This method writes the mean training and evaluation scores to a csv file for visualization and recording purposes.

Note, the data written is the mean 5-fold categorical accuracy at each epoch of training. This is written for each learning rate used, serving as hyperparameter tuning.

Parameters:

Name	Type	Description	Default
`filename`	`str`	The filename, where the training data will be saved.	required
`fold_histories`	`str`	The mean 5-fold categorical accuracy for each epoch of training for all models trained.	required
`learning_rate`	`str`	The learning rate applied to the trained and evaluated model.	required

Source code in src/models/meta/neural_network_model.py

def write_training_accuracy(filename: str, fold_histories: dict, learning_rate: list):
    """This method writes the mean training and evaluation scores to a csv file for visualization and recording purposes.
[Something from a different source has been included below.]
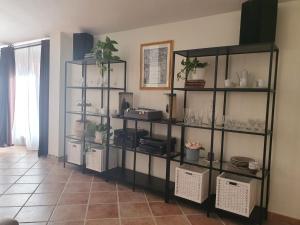 Zimmer mit Regalen mit Geschirr und Pflanzen in der Unterkunft Open Space Rose in Iglesias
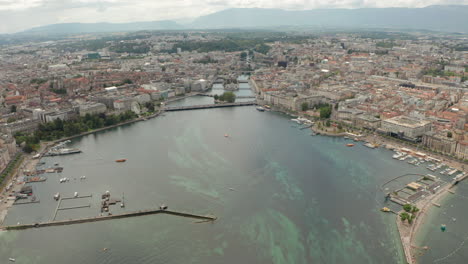 Dolly-back-aerial-shot-over-Geneva-with-the-fountain-off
    Note, the data written is the mean 5-fold categorical accuracy at each epoch of training.
    This is written for each learning rate used, serving as hyperparameter tuning.

    Args:
        filename (str): The filename, where the training data will be saved.
        fold_histories (str): The mean 5-fold categorical accuracy for each epoch of training for all models trained.
        learning_rate (str): The learning rate applied to the trained and evaluated model.
    """
    df = pd.DataFrame(fold_histories)
    df['learning_rate'] = learning_rate  # Add learning rate to the dataframe.
    df.to_csv(root_path + data_destination + filename, index=False)